**** Source data
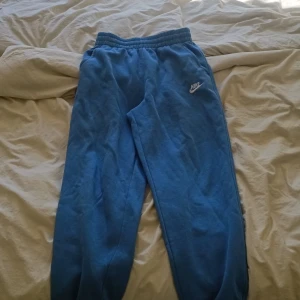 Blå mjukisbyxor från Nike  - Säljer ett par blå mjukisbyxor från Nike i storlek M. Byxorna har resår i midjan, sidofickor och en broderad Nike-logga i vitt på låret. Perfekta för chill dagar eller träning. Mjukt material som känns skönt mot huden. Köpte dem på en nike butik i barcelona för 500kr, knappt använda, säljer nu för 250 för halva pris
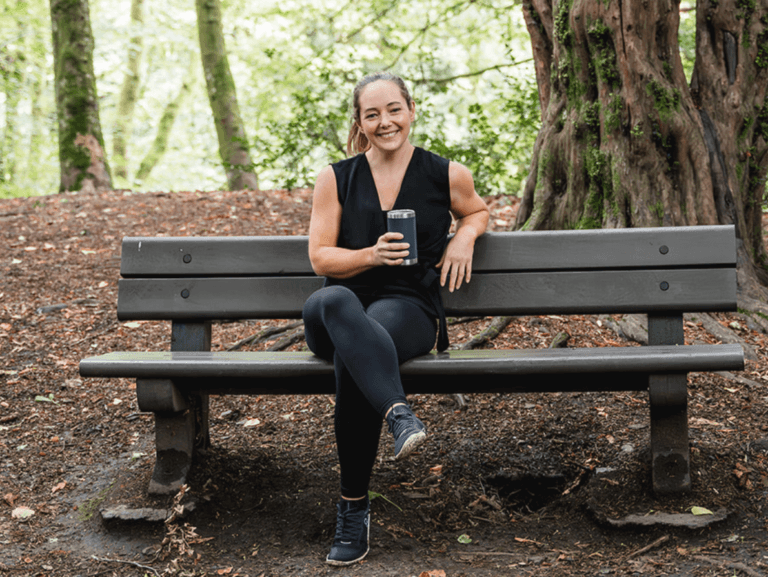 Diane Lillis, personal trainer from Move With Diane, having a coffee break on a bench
********
**** Source data
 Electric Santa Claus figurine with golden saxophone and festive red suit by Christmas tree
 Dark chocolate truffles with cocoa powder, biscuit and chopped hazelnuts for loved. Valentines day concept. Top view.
********
Task item » Using the data above, return the lines from the one holding "för halva pris" through the one holding "Diane Lillis, personal" exactly, but not the pictures.

Answer section »
 Blå mjukisbyxor från Nike  - Säljer ett par blå mjukisbyxor från Nike i storlek M. Byxorna har resår i midjan, sidofickor och en broderad Nike-logga i vitt på låret. Perfekta för chill dagar eller träning. Mjukt material som känns skönt mot huden. Köpte dem på en nike butik i barcelona för 500kr, knappt använda, säljer nu för 250 för halva pris
 Diane Lillis, personal trainer from Move With Diane, having a coffee break on a bench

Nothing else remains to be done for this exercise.